#### Your assignment
The lines from the start of the records below through the line containing "a set of stairs" are to be copied exactly, both ends included, with nothing added.

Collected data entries
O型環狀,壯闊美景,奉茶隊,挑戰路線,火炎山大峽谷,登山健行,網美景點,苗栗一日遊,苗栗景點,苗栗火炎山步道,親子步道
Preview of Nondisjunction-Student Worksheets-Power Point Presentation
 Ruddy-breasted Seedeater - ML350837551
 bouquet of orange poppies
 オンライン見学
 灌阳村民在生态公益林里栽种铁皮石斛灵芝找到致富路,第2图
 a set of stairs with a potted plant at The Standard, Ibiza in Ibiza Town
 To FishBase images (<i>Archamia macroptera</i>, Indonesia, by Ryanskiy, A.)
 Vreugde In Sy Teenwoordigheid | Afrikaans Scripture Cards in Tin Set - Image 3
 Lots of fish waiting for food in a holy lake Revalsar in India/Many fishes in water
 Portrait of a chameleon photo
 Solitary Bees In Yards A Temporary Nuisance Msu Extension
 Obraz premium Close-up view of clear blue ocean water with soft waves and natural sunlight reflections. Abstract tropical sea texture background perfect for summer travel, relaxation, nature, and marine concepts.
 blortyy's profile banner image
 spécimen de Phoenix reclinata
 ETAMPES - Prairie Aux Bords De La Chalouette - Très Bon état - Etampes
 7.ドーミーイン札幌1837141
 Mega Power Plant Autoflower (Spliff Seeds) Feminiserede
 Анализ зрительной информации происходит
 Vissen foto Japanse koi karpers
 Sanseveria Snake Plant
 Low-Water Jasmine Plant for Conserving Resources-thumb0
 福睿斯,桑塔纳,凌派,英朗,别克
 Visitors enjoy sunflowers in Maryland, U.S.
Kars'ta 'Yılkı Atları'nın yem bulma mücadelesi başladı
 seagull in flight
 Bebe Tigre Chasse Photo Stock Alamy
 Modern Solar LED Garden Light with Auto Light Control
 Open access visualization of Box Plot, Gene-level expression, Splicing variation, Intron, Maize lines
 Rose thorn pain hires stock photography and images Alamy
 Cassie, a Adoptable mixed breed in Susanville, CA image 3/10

#### Finished exercise
O型環狀,壯闊美景,奉茶隊,挑戰路線,火炎山大峽谷,登山健行,網美景點,苗栗一日遊,苗栗景點,苗栗火炎山步道,親子步道
Preview of Nondisjunction-Student Worksheets-Power Point Presentation
 Ruddy-breasted Seedeater - ML350837551
 bouquet of orange poppies
 オンライン見学
 灌阳村民在生态公益林里栽种铁皮石斛灵芝找到致富路,第2图
 a set of stairs with a potted plant at The Standard, Ibiza in Ibiza Town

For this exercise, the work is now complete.